The commission of investigation into the mother and baby homes has been set up in the midst of widespread criticism of its inadequate terms of reference. Sinn Féin has tabled numerous amendments and strenuously voiced its concerns about the terms of reference, yet these have gone ignored. Those who suffered in the system but were not at the listed mother and baby homes have been excluded. Survivors' groups have criticised the behind closed doors hearings and the perceived lack of transparency.

This motion seeks to establish a truth commission that would allow for the voices of all victims and survivors to be heard in public or private, whichever the individual wishes. At the end of the day, it is these people who need to be consulted. Their voices must be listened to and respected. The truth commission will build and expand on the work of the commission of investigation and prove a useful vehicle in getting to the truth about some of the darkest stains on the State's history. It may provide some comfort and closure to survivors and would allow access to the truth for those who have been excluded from the commission of investigation.

The State has the simple duty to help these survivors and get the answers they so badly deserve. They cannot get closure until they have those answers. To that end, I call on every Deputy to support the motion.

As the full, shocking story about the home in Tuam slowly emerges, the horrors of what happened in mother and baby homes, county homes, Magdalen laundries and other institutions, including the Bethany and Westbank homes, are beyond comprehension. Sinn Féin believes we need to extend investigations beyond the current commission, which is why it was necessary to draft this Private Members' motion.

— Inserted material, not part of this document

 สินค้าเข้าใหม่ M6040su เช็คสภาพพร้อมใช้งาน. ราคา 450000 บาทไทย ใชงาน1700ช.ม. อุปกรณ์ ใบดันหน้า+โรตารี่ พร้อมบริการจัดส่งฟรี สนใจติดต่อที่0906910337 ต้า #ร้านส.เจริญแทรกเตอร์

The establishment of the commission of investigation into mother and baby homes under Judge Yvonne Murphy can be considered in many respects as inadequate, given that it excludes many who suffered under the system but were not in one of the prescribed mother and baby homes. Many survivors' groups also have concerns about its lack of transparency.

Our proposal on establishing a truth commission aims to establish the truth of what practices took place in these homes, identifying the institutions responsible for the systematic mistreatment of women and children, and the system as a whole. Our proposal would give survivors and victims the right to access files held in their names and provide them with a voice to express their feelings and experiences.

There have been many failures over the years in how the State has dealt with the legacy of abdicating its responsibility for the welfare of mothers and babies to religious organisations. There was a lack of overview and regulation and a failure to address the concerns raised down the years about what was happening in the homes. Even when it became more than apparent that serious abuses had occurred, the State stood frozen, silently wringing its hands and muttering platitudes while still doffing its cap to the religious institutions which successfully evaded answering or taking responsibility for the actions of their members who carried out these abuses.

That included the religious hierarchy who refused to financially compensate their victims unless it was dragged out of them and then in some cases not at all. The atmosphere and climate in the institutions was tolerated due to this State's failure. Let us remember who was in the institutions. It was young women and children, young girls who, as Austin Clarke in his 1963 poem said, were left to:

Cook, sew, wash, dig, milk cows, clean stables

And, twice a day, giving their babes the teat.

To date, the State has failed to initiate a meaningful process that would help obtain the truth for survivors. Neither has it provided a suitable forum that would allow the full story of the institutions and the system that underpinned them to be made public. Considering the long line of failure in regard to the institutions, we are introducing this Private Members' motion calling for a truth commission to be established to allow the State to break the cycle of failure and start the process of a truthful discourse of a shameful past.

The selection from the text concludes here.